Le bateau Imoca Virbac-Paprec 3 qui participe à la Transat Jacques-Vabre 2011.
Le bateau Imoca Virbac-Paprec 3 qui participe à la Transat Jacques-Vabre 2011. — A.Courcoux/ Virbac-Paprec Sailing team

VOILE

Transat Jacques-Vabre: Comment passer 15 jours à deux au milieu de l’Atlantique?

A l’occasion du départ dimanche 30 octobre de la 10e édition de la Transat Jacques-Vabre, 20Minutes s’est mis dans la peau d’un équipage en double pendant la traversée de l’Atlantique...

Pas facile de vivre à deux dans 4 m². Surtout quand on est pleine mer. Pourtant 36 binômes s’élanceront dimanche du Havre pour rallier Puerto Limon (Costa Rica). 20 minutes a interrogé quelques skippers pour connaître les écueils à éviter dans cette colocation de fortune: La jeune fratrie Mabit (Etienne, 28 ans et Julien 32), sur monopticien.com. Des routards de la mer, tel Jean-Pierre Dick, déjà deux fois vainqueurs de la course, associé sur Virbac Paprec 3 à Jérémie Beyou, tout juste auréolé de sa victoire de la Solitaire du Figaro. Et enfin les skippers de Banque Populaire, Armel LeCléac’h et Christopher Pratt, ancien colocataires dans la vie civile. Tous ont envie de gagner. Tous aussi, expliquent comment vivre confiné pendant deux semaines. Et si possible sans en venir aux mains.

Passer le difficile apprentissage de l’autre - Faire de la voile en double, c’est un peu comme intégrer l’Auberge espagnole. Comment plaire, sans se laisser marcher sur les pieds? Julien Mabit (monopticien.com) a donc choisi de naviguer avec son frère cadet. «il ya  toujours une phase de découverte que je trouve inconfortable. On est tous caractériels, un peu comme chez des chefs cuistots. C’est obligé qu’il y ait des étincelles à un moment. Et je préfère les avoir avec quelqu’un que je connais bien et qui va les digérer plus facilement.» Pour Jérémie Beyou, skipper de Virbac Paprec 3,  «souvent, on a juste envie de se planquer et d’aller dormir. Parfois  à cause de l’autre, parfois à cause de la fatigue.» Mais il promet qu’il n’aura pas que «des moments de silence avec Jean Pierre Dick. Après la baston, lorsqu’ on chope les alizées et qu’on met le linge à sécher sur le pont là, on s’installe, et on est capables de parler de tout et de rien. On a des petits moments à nous.»
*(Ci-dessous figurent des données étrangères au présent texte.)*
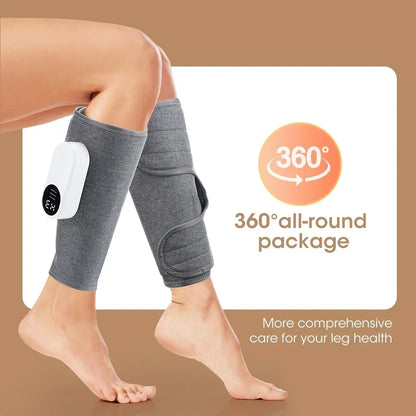 1pc Calf Air Compression Massager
Respecter les règles de l’hygiène – En mer, les caleçons sales qui traînent, ça relève presque du code pénal. «Ca peut polluer une relation. Pour moi, tous les problèmes ont toujours été humains et non professionnels dans un bateau», affirme d’entrée Jean-Pierre Dick, assez taiseux d’habitude. Et certains parlent d’expérience. «Quand on navigue avec un gros crassou, c’est pas génial, lâche Julien Mabit. J’ai déjà skippé avec des navigateurs qui ne se lavaient pas. Certains ne se lavent pas pendant tout un Vendée Globe. Et c’est pas supportable.» Un avis partagé par la majorité de la flotte. «C’est dérangeant, grimace Jérémie Beyou. On a tout ce qu’il faut pour se laver. Donc quand on trouve que l’autre ne se brosse pas assez souvent les dents, ou ne se lave pas assez souvent, il faut trouver la bonne tournure pour le dire. Même sur le Vendée, je me lavais, je ne voulais pas que ma femme et mes enfants ne veuillent pas m’embrasser à mon arrivée.»

Ne pas zapper son tour de vaisselle – Pour Jean-Pierre Dick, «c’est une question de respect. On a notre matelas par terre, il ne faut pas que l’autre vienne le mouiller ou l’abîmer.» Jérémie Beyou, lui, préfère responsabiliser son partenaire: «Chacun fait sa vaisselle, chacun fait sa gamelle, comme dans notre coloc, où on faisait chacun notre tour. Mais là, on mange hors-quart, on ne peur pas manger ensemble puisqu’on fonctionne en temps fractionné.» Pas question non plus de se faire piquer une denrée. «Si Christopher me prend mon carré de chocolat du jour, je le mets par dessus bord», plaisante Armel Le Cléac’h. Pour ne pas en arriver là, les frères Mabit ont une solution simple. «Il n’y a pas de vaisselle à faire, les couverts sont en plastique, les plats sont prêts» , glisse l’ainé. En mer comme à la ville, la colocation, c’est toujours le règne des plats préparés.